Nursery rhyme
- Published: 1940s
- Songwriter: Unknown

= Pretty Little Dutch Girl =

Nursery rhyme

"Pretty Little Dutch Girl" is a children's nursery rhyme, clapping game and jump-rope rhyme. 	It has a Roud Folk Song Index number of 12986.

==Lyrics==
The lyrics of the song vary considerably. British versions of this rhyme differ significantly, perhaps because many of the allusions in the rhyme were unknown to British children at the time. Common versions include:

I am a pretty little Dutch girl,
As pretty as I can be, be, be,
And all the boys in the baseball team
Go crazy over me, me, me.

My boy friend’s name is Fatty,
He comes from the Senoratti,
With turned-up toes and a pimple on his nose,
And this is how the story goes:

==Story told within the song==
The rhyme (and at least some of its variants) tells the story of an extremely beautiful girl (of Dutch descent, hence the song's title) who is popular with boys (particularly around the neighborhood, block or the whole town) and has a rather unattractive boyfriend; some versions mention that the boyfriend dumps the pretty Dutch girl in favor of an even prettier girl.

The Dutch girl is often depicted from illustration to illustration wearing traditional Dutch clothing, complete with ribbon-adorned long braids in her hair, wooden shoes and (occasionally exaggerated) Dutch cap. The rhyme follows with another variation, where the Dutch girl receives peaches, pears, and 50 cents from her boyfriend, which she then gives back to him and kicks him down the stairs. This is a play on the betrayal the Dutch girl feels after her boyfriend leaves her for another girl (variation 3), the Dutch girl's revenge for her boyfriend throwing her down the stairs (variation 9), as well as the Dutch girl's frustration with the boys around her neighborhood leaving her alone after enticing her (variation 8).

Within each of these variations, the Dutch girl ultimately defends herself against her boyfriend and the group of boys in her neighborhood rather than simply accepting their disloyalty. While the nursery rhyme expresses this in a witty manner, it is also an informative story that may teach little girls not to accept mistreatment because of charm, admiration, and captivation with favorable items.

==Origins and distribution==
The origins of the rhyme are obscure. The tune of the song is similar to "A Sailor Went to Sea" and "Miss Suzie Had A Steamboat" (though some notes are removed to account for the double-syllable words "pretty" and "little", and some notes are added in). The earliest record found so far is for New York around 1940. It seems to have spread over the US by the 1950s and reached Britain in 1959, where it was taken up very quickly across the country to become one of the most popular skipping rhymes among girls.

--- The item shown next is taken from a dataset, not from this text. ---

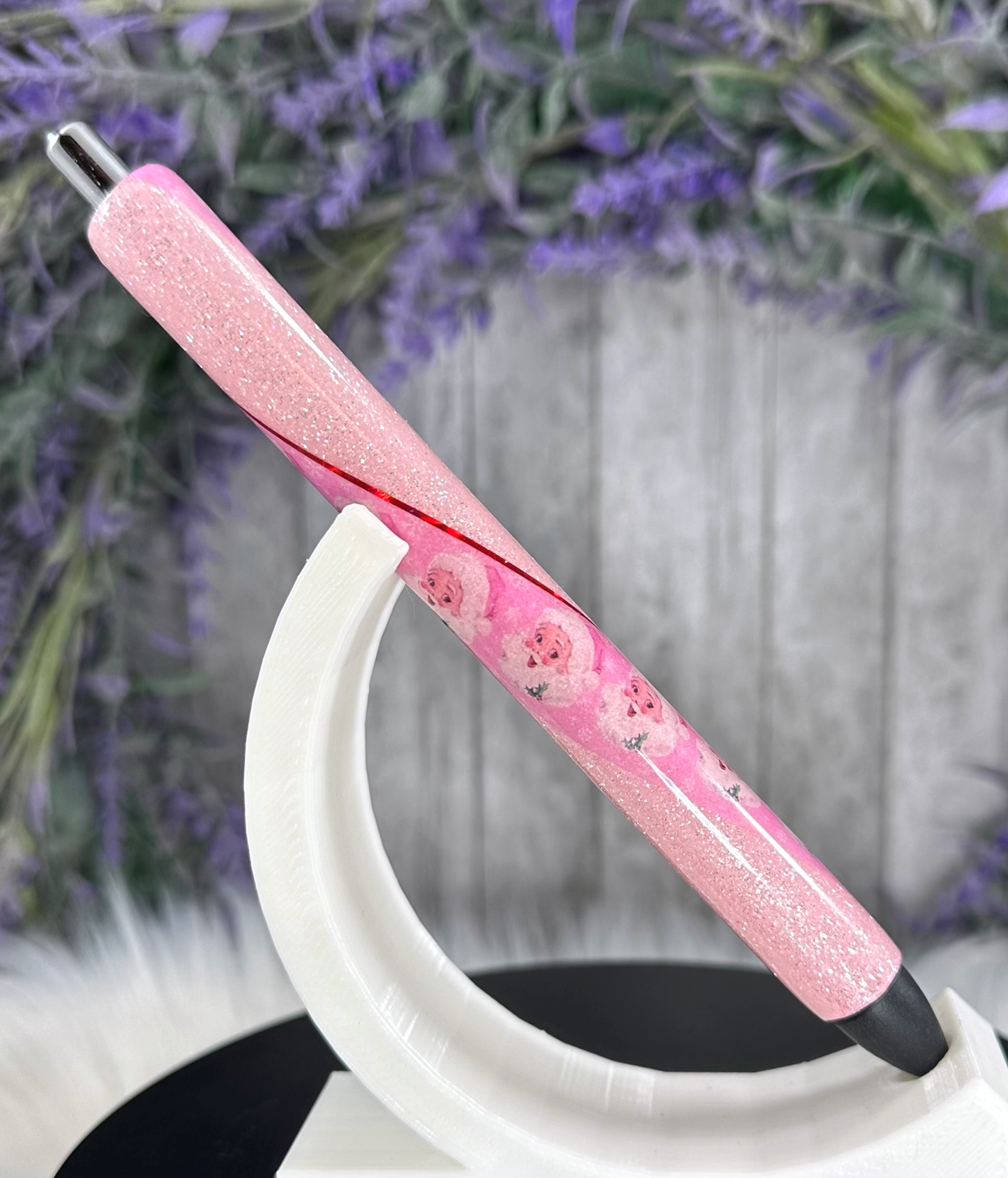 Handmade Christmas Pink Santas glitter pen with free refill 3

The tune is also used in British pubs as a drinking song in which a person is challenged by their companions to down their drink. This version goes like this:

We like to drink with (insert name here)
'Cause (insert name here) is our mate.
And when we drink with (insert name here)
He/she/they finish(es) in 8! 7! 6! 5! 4! 3! 2! 1!

==Use in children's media==
In the Wee Sing Video Series video Grandpa's Magical Toys, the song is represented and sung by a blonde-haired Barbie-like doll in Dutch traditional costume aptly named "Dutch Girl", played by Jacqueline Drew.

In the 1977 Australian animated film Dot and the Kangaroo, two hopping mice near the end of the waterhole scene sang a song about a bushgirl to the tune of Pretty Little Dutch Girl.